→ AIM OF THE EXERCISE:
Output every line below exactly, please, omitting pictures.

→ DATASET SECTION:
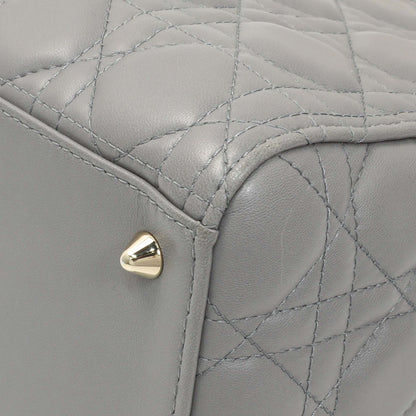 Exclusive Christian Dior Grey Lambskin Cannage Medium Lady Dior — Detail View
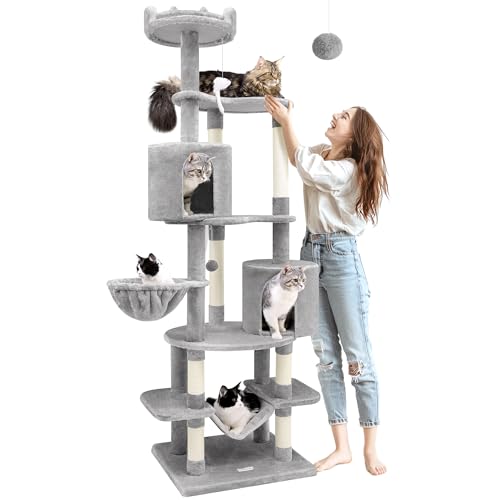 Globlazer C81 Max Tall Cat Tower, 205,7 cm große Katzenhütten für Indoor-Katzen, mehrere Katzen, einzigartiger Katzenbaumturm mit Kratzbaum, Hängematte, Hellgrau von Globlazer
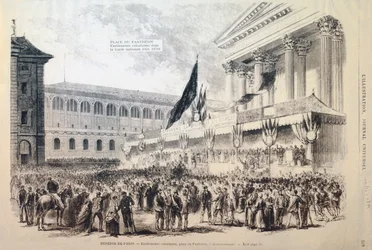 Innmelding av frivillige i Nasjonalgarden, Place du Panthéon, Paris, 1870-1871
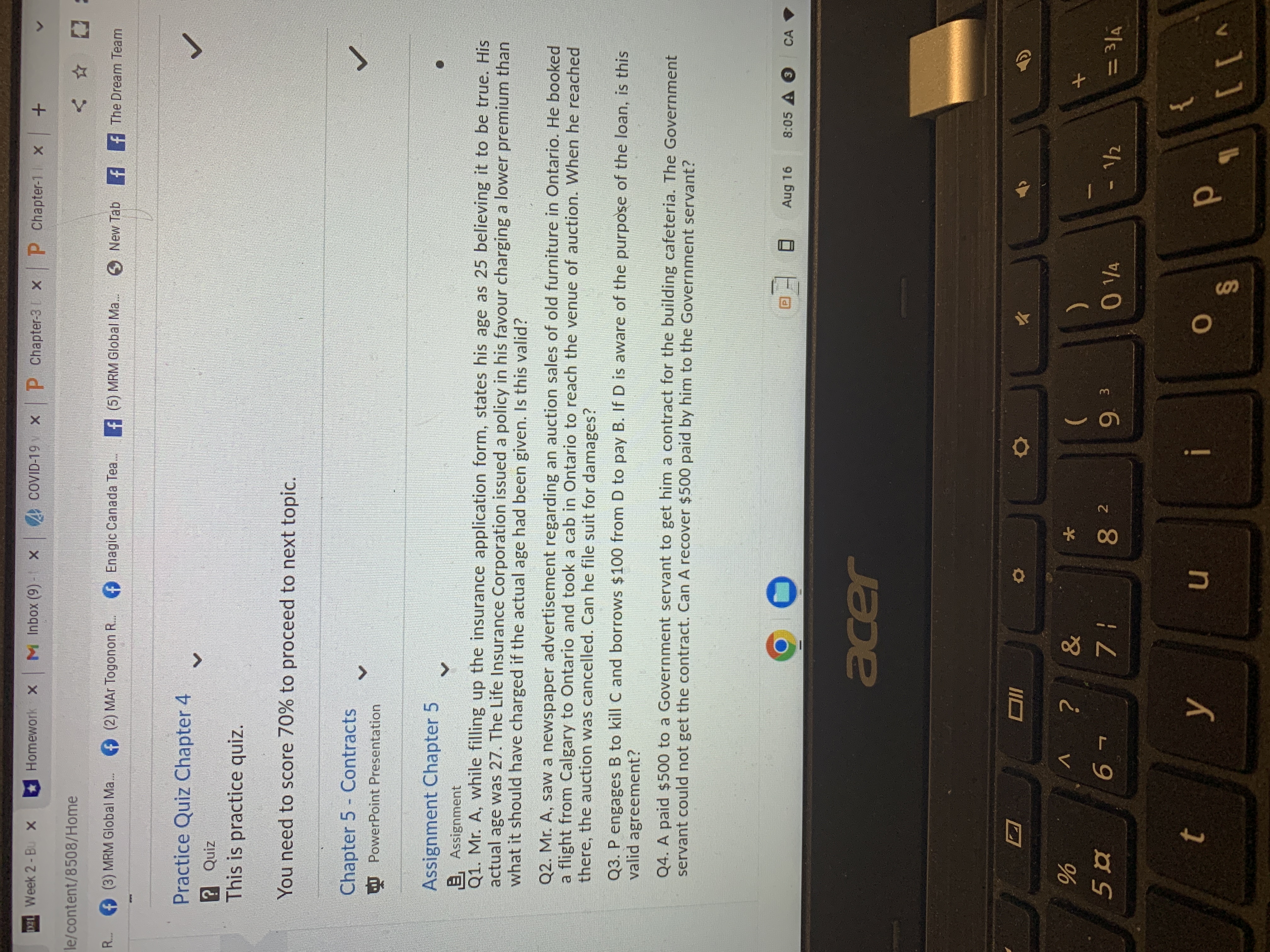  121 Week 2 - Bu x Homework x M Inbox (9)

→ ANSWER TO THIS TASK:
 Exclusive Christian Dior Grey Lambskin Cannage Medium Lady Dior — Detail View
 Globlazer C81 Max Tall Cat Tower, 205,7 cm große Katzenhütten für Indoor-Katzen, mehrere Katzen, einzigartiger Katzenbaumturm mit Kratzbaum, Hängematte, Hellgrau von Globlazer
 Innmelding av frivillige i Nasjonalgarden, Place du Panthéon, Paris, 1870-1871
  121 Week 2 - Bu x Homework x M Inbox (9)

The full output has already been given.